Work order: Provide only the number of lines in the records where "find" appears.

Exercise input:
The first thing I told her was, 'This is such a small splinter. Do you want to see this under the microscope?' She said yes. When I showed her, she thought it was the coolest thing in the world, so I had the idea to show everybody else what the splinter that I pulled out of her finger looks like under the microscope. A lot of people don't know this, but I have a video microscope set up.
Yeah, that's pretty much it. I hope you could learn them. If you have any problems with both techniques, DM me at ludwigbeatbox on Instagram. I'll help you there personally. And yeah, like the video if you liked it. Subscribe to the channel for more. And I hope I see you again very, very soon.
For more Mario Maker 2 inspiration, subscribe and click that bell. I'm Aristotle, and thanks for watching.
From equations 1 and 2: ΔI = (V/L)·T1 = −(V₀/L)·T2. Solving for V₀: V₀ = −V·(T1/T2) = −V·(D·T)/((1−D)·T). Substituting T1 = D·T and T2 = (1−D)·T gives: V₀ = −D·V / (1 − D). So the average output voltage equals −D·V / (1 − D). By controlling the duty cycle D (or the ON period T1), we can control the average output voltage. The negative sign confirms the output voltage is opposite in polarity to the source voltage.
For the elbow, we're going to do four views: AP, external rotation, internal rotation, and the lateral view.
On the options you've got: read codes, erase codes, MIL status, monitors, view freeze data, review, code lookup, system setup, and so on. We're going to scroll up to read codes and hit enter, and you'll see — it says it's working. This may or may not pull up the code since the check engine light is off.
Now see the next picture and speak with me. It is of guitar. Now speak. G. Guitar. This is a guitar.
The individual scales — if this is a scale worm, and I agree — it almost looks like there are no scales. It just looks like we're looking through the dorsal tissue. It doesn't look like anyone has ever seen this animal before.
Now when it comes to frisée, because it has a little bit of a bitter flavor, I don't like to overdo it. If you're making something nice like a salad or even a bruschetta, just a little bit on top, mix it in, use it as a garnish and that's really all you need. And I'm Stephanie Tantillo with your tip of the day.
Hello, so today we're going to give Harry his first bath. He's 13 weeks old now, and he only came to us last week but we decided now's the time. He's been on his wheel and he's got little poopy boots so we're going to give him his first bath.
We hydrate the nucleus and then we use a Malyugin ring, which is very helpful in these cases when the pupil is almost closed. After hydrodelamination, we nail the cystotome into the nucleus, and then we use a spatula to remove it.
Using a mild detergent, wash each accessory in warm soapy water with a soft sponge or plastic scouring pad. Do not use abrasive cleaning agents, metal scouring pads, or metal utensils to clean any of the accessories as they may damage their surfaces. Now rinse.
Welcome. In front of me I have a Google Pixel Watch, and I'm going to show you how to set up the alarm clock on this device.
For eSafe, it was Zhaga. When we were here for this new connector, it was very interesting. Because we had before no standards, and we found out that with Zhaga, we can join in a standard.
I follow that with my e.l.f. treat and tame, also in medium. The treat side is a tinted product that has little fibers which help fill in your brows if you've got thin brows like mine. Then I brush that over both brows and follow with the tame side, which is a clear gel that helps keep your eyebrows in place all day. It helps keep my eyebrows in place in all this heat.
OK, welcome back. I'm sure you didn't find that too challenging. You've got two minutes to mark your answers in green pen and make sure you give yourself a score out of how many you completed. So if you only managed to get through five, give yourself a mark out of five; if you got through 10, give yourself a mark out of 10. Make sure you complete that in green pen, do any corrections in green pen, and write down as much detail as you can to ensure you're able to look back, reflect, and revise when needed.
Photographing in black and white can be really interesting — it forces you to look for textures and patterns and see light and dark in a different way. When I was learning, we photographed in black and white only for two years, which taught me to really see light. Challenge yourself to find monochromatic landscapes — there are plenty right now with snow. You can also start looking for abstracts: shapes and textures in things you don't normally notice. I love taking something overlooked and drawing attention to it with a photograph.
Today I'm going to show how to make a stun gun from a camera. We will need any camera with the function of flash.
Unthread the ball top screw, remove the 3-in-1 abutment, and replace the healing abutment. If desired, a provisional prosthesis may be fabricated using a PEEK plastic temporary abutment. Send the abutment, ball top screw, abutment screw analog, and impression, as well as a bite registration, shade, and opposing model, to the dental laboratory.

Reply: 2